__What to do__
Your job is to set down the stretch of entries that opens with the line containing "Boat Parade Christmas" and closes with the line containing "Klapa tył Suzuki Sx4 I 06- HB 5d ZUC". Keep both end lines, copy each exactly, and add nothing.

***** Supplied material

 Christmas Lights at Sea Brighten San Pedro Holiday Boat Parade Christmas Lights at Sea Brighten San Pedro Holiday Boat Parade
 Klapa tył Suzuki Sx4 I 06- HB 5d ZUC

**********
***** Supplied material

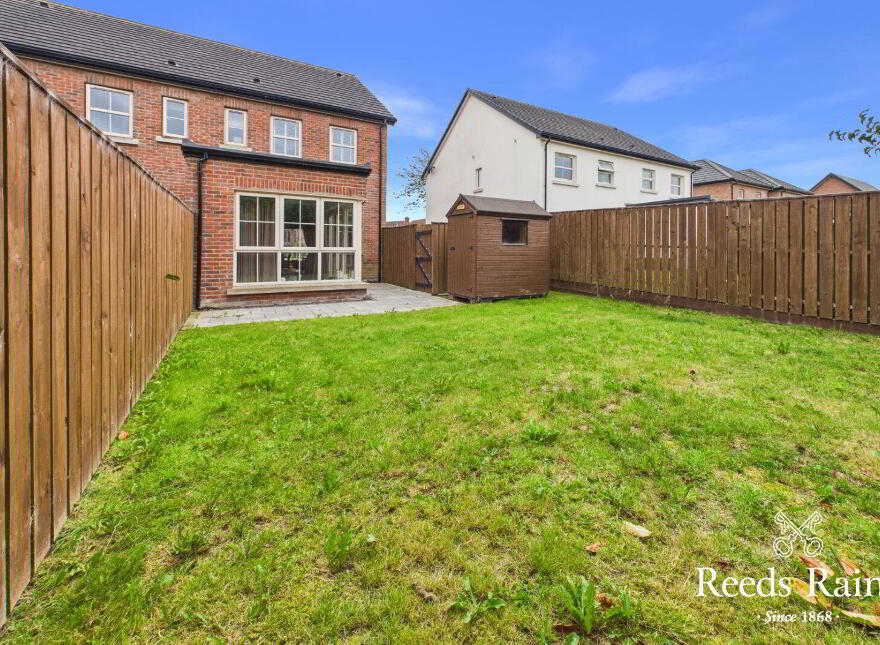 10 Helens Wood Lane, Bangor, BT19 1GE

**********
***** Supplied material

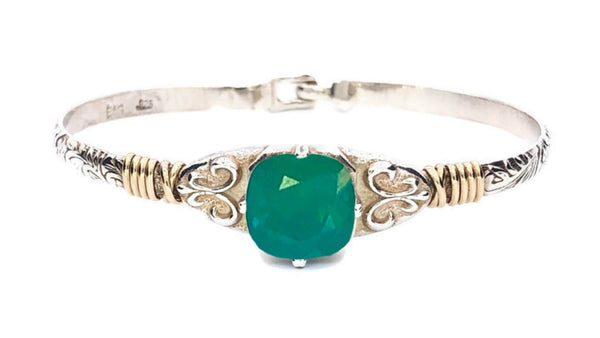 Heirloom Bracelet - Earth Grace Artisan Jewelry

**********

__Reply to the exercise__
 Christmas Lights at Sea Brighten San Pedro Holiday Boat Parade Christmas Lights at Sea Brighten San Pedro Holiday Boat Parade
 Klapa tył Suzuki Sx4 I 06- HB 5d ZUC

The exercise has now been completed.